--- Instructions to follow ---
The material below should be copied line for line, please, with pictures omitted.

*** Opening Data provided ***

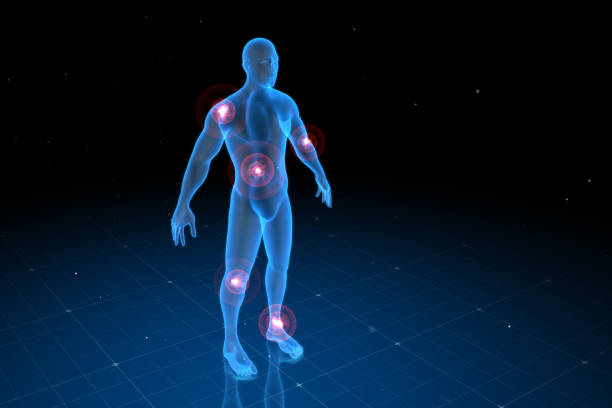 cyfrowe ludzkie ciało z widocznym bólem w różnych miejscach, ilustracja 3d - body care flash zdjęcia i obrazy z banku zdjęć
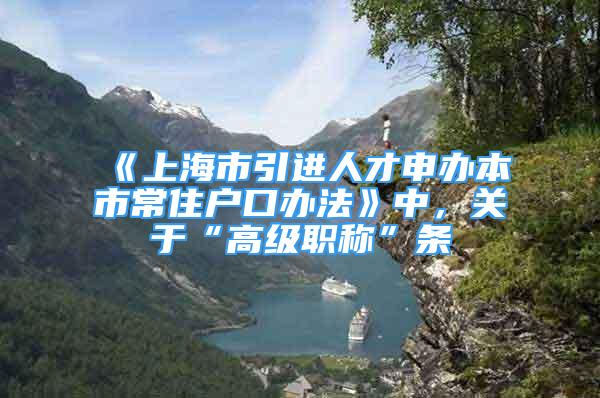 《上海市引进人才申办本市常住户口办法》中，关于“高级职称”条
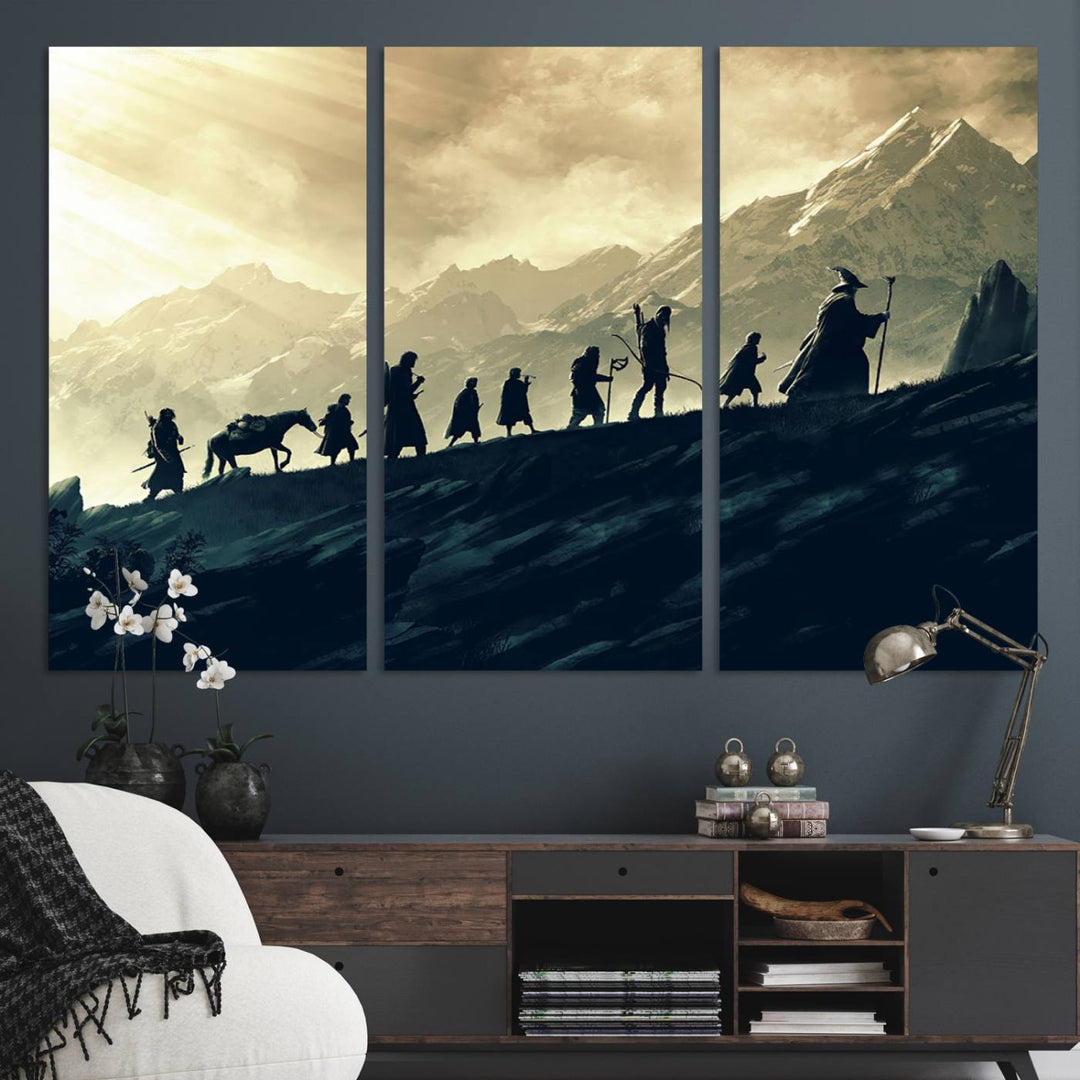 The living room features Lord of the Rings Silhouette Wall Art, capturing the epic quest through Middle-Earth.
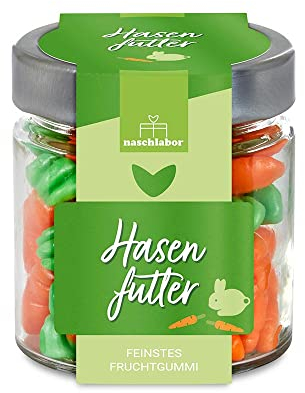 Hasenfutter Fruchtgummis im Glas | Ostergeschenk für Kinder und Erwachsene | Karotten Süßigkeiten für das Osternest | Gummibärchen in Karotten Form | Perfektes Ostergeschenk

*** Closing Data provided ***

--- Exercise solution ---
 cyfrowe ludzkie ciało z widocznym bólem w różnych miejscach, ilustracja 3d - body care flash zdjęcia i obrazy z banku zdjęć
 《上海市引进人才申办本市常住户口办法》中，关于“高级职称”条
 The living room features Lord of the Rings Silhouette Wall Art, capturing the epic quest through Middle-Earth.
 Hasenfutter Fruchtgummis im Glas | Ostergeschenk für Kinder und Erwachsene | Karotten Süßigkeiten für das Osternest | Gummibärchen in Karotten Form | Perfektes Ostergeschenk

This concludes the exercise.